Sutton would go on to finish his illustrious career two years later with 324 wins. He was enshrined in the National Baseball Hall of Fame in 1998.
On Tuesday evening, Sutton passed away in his sleep at his Rancho Mirage, Calif., home at the age of 75. Sutton was a model of consistency during a 23-year playing career that included only one 20-win season and four All-Star appearances in the mid-1970s. Like Nolan Ryan, who also finished with 324 career victories, Sutton never won a Cy Young award but finished top-five in voting from 1972 through 1976. The prime of his career came as a member of Tommy Lasorda’s Los Angeles Dodgers. He remains the only non-Brooklyn Dodger to have their number retired by the franchise.
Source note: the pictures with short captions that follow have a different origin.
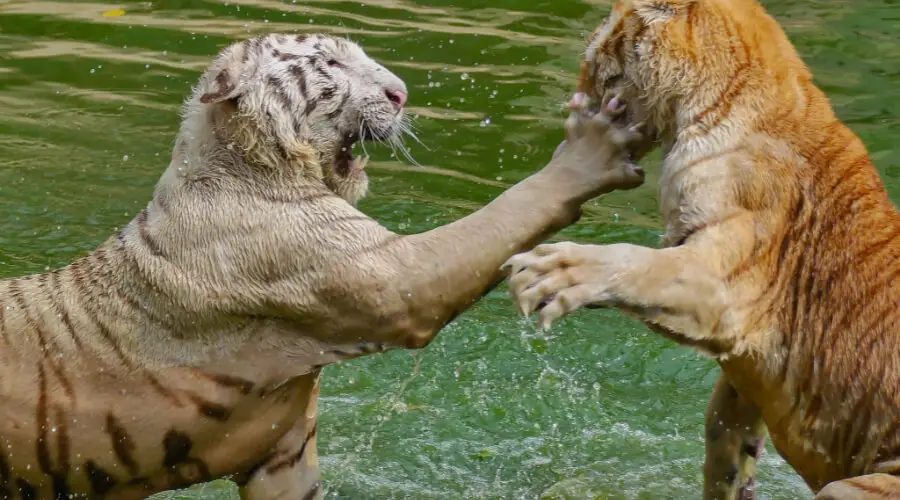 Can A Siberian Tiger Kill A Bengal Tiger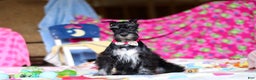 Miniature Schnauzer dogs for sale: Piper - Ad 1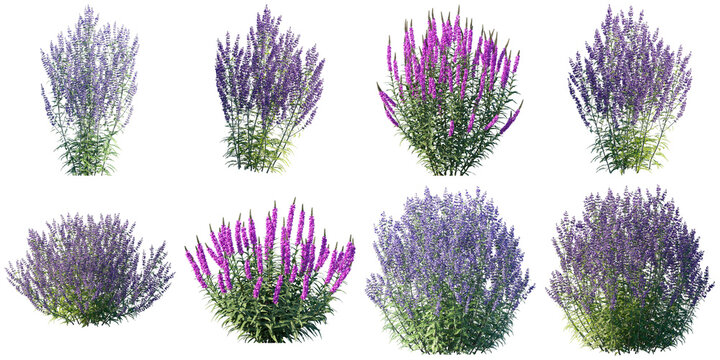 a collection of isolated flowering bushes and plants with vibrant purple and pink blooms on a transparent background, perfect for architectural rendering.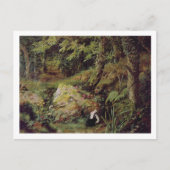 Carte Postale Lapins errants (Devant)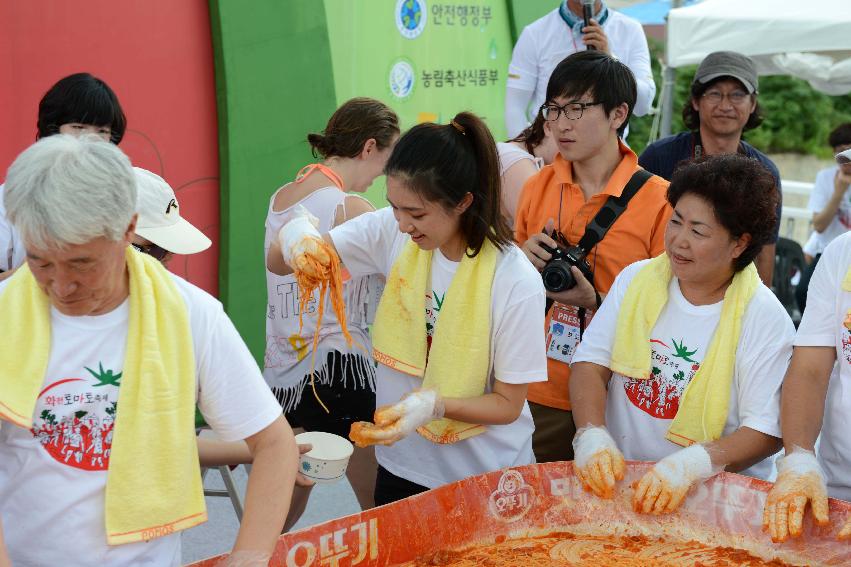 2013년 토마토축제 의 사진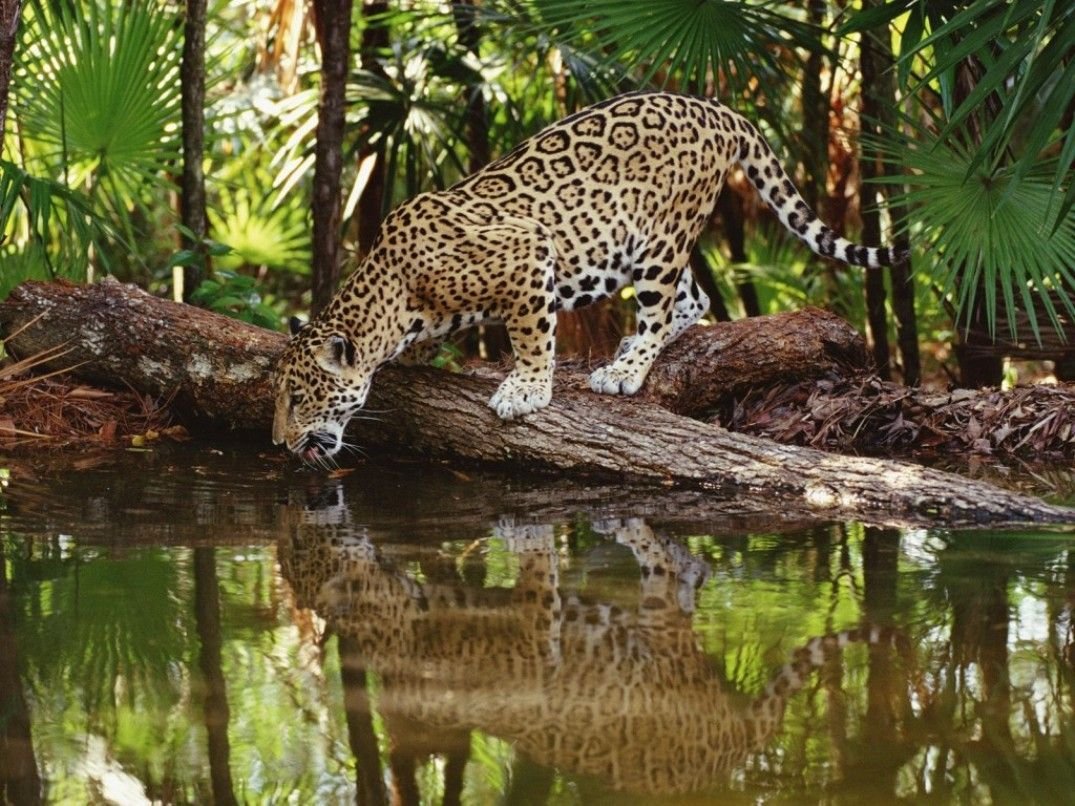 parragagraciela's tweet image. Felinos de Venezuela 🇻🇪
📌Cunaguaro
📌Margay
📌Onza
📌Puma
📌Jaguar
📌Oncilla
Expertos reclasificaron e incluyeron al 📌Tigrillo nebuloso, para un total de 7 felinos autóctonos.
Sutton would pitch in four World Series, three with the Dodgers and one with the Brewers, but always wound up on the losing end. He would move on from the Dodgers and spend the second half of his career playing with the Houston Astros, Milwaukee Brewers, and California Angels throughout the 1980s before returning to the Dodgers for his swan song season in 1988. Sutton would be released in August of 1988 earned his first and only World Series ring as a member of that championship team. Today, Sutton ranks 14th all-time in career victories, seventh in career strikeouts and innings pitched, and third in games started. Ironically, only Cy Young himself started more games than Sutton and Nolan Ryan, the two players to never win the award named in his honor.
After his playing career, Don Sutton became most recognizable by the next generation of baseball fans as a broadcaster for the Atlanta Braves covering games on TBS. He was a member of the Braves’ broadcast team for most of the next 30 seasons with a brief stint with the Washington Nationals team for two seasons. Sutton was a regular attendee at the annual Baseball Hall of Fame inductions every summer in Cooperstown, N.Y., and sadly joins fellow members Tom Seaver, Whitey Ford, Bob Gibson, Phil Niekro, Lou Brock, Al Kaline, and Tommy Lasorda as those who have died since the beginning of 2020.
Baseball has lost more than another Hall of Fame player. The game has lost a great personality and representative of kindness and all that is great about our National Pastime. Sutton’s impact will live on for many fans of the game for generations to come.